*Extracted records*:
....

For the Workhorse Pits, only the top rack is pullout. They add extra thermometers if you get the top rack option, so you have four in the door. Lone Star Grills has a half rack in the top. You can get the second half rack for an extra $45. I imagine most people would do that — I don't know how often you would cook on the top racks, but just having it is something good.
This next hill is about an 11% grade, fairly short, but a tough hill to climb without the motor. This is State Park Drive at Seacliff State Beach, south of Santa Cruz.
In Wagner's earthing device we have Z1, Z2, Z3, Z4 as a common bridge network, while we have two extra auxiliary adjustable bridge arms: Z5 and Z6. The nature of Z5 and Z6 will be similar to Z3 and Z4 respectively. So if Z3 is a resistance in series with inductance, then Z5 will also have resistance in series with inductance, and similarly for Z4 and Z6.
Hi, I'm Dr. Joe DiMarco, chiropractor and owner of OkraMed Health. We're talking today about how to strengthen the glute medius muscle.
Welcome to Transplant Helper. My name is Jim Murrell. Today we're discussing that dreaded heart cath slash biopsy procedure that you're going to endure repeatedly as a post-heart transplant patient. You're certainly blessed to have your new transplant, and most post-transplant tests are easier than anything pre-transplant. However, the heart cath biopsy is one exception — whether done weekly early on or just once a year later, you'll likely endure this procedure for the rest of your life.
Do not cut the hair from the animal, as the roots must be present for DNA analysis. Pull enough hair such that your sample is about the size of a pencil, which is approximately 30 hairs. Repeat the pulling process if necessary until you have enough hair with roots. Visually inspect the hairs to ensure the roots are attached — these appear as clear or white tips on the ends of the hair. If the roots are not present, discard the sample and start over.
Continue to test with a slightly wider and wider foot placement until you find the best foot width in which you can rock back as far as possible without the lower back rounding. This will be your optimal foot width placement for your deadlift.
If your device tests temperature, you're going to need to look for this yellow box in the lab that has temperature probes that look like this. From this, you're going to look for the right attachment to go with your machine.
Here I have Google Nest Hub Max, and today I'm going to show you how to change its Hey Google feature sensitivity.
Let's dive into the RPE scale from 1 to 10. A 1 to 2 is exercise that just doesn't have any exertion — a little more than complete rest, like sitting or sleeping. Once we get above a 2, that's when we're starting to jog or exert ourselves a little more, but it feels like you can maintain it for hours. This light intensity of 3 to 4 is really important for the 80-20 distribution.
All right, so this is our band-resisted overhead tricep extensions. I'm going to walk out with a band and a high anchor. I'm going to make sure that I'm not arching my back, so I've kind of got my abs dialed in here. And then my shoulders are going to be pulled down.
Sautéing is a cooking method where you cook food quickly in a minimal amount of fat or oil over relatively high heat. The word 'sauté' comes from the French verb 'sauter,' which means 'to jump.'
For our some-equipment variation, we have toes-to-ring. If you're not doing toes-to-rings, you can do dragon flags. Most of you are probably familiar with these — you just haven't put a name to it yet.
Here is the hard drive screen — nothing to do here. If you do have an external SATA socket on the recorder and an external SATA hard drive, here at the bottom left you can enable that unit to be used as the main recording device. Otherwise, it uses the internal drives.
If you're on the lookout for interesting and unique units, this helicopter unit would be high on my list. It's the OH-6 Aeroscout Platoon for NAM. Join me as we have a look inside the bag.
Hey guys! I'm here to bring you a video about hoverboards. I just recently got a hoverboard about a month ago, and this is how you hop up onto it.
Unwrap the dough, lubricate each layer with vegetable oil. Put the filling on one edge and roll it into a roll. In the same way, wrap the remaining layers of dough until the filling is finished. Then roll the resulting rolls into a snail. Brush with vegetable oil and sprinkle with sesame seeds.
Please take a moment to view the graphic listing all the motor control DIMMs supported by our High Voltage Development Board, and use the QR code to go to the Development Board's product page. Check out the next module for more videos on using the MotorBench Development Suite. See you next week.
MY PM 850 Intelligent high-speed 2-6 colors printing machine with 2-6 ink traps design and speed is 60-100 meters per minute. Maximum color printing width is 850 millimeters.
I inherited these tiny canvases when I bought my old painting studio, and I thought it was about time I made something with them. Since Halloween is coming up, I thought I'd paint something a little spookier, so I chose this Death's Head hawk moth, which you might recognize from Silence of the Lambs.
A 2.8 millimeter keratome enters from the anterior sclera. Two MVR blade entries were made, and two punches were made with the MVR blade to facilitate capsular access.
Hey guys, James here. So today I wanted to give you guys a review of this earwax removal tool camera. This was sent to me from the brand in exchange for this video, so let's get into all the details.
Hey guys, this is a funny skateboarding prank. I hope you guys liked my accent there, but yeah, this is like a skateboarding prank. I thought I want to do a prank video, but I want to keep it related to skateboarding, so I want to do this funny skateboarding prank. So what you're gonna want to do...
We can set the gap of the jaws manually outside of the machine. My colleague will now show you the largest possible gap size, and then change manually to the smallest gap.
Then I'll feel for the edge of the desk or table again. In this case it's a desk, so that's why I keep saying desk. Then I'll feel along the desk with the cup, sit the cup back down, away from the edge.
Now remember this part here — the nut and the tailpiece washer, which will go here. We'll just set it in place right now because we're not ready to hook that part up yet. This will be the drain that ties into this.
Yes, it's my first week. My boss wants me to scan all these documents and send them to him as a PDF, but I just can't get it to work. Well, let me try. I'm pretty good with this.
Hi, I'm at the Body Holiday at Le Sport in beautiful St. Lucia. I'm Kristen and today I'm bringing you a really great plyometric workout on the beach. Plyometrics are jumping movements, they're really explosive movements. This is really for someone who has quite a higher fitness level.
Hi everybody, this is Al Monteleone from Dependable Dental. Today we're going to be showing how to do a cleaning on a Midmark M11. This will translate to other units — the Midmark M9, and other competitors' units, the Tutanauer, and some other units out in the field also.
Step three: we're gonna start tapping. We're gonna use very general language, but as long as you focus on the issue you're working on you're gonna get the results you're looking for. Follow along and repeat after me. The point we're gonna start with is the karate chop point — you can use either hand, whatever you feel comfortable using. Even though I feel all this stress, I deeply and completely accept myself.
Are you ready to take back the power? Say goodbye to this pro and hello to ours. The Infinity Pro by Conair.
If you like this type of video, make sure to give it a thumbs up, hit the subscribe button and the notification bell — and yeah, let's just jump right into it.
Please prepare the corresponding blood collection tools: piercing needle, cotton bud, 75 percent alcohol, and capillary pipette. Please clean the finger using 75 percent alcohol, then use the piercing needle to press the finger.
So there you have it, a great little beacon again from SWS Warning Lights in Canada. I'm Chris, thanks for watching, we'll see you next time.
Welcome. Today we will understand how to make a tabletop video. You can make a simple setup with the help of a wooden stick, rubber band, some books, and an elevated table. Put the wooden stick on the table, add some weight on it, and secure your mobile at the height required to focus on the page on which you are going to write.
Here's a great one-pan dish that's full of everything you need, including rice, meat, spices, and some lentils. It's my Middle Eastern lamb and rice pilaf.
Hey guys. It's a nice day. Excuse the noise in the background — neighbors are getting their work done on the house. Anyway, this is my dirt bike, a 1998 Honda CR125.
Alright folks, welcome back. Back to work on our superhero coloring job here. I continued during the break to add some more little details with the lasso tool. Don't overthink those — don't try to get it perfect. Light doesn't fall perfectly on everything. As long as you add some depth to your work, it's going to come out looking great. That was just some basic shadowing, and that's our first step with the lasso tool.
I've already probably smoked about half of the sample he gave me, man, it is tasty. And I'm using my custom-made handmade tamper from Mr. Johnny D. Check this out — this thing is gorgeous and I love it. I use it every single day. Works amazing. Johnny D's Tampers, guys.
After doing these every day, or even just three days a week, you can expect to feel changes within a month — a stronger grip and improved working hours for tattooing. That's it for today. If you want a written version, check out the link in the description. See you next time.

....

From the entries above, return exactly the line containing "Welcome to Transplant", the line containing "All right, so", and all lines between, and nothing else.

*FINAL ANSWER*:
Welcome to Transplant Helper. My name is Jim Murrell. Today we're discussing that dreaded heart cath slash biopsy procedure that you're going to endure repeatedly as a post-heart transplant patient. You're certainly blessed to have your new transplant, and most post-transplant tests are easier than anything pre-transplant. However, the heart cath biopsy is one exception — whether done weekly early on or just once a year later, you'll likely endure this procedure for the rest of your life.
Do not cut the hair from the animal, as the roots must be present for DNA analysis. Pull enough hair such that your sample is about the size of a pencil, which is approximately 30 hairs. Repeat the pulling process if necessary until you have enough hair with roots. Visually inspect the hairs to ensure the roots are attached — these appear as clear or white tips on the ends of the hair. If the roots are not present, discard the sample and start over.
Continue to test with a slightly wider and wider foot placement until you find the best foot width in which you can rock back as far as possible without the lower back rounding. This will be your optimal foot width placement for your deadlift.
If your device tests temperature, you're going to need to look for this yellow box in the lab that has temperature probes that look like this. From this, you're going to look for the right attachment to go with your machine.
Here I have Google Nest Hub Max, and today I'm going to show you how to change its Hey Google feature sensitivity.
Let's dive into the RPE scale from 1 to 10. A 1 to 2 is exercise that just doesn't have any exertion — a little more than complete rest, like sitting or sleeping. Once we get above a 2, that's when we're starting to jog or exert ourselves a little more, but it feels like you can maintain it for hours. This light intensity of 3 to 4 is really important for the 80-20 distribution.
All right, so this is our band-resisted overhead tricep extensions. I'm going to walk out with a band and a high anchor. I'm going to make sure that I'm not arching my back, so I've kind of got my abs dialed in here. And then my shoulders are going to be pulled down.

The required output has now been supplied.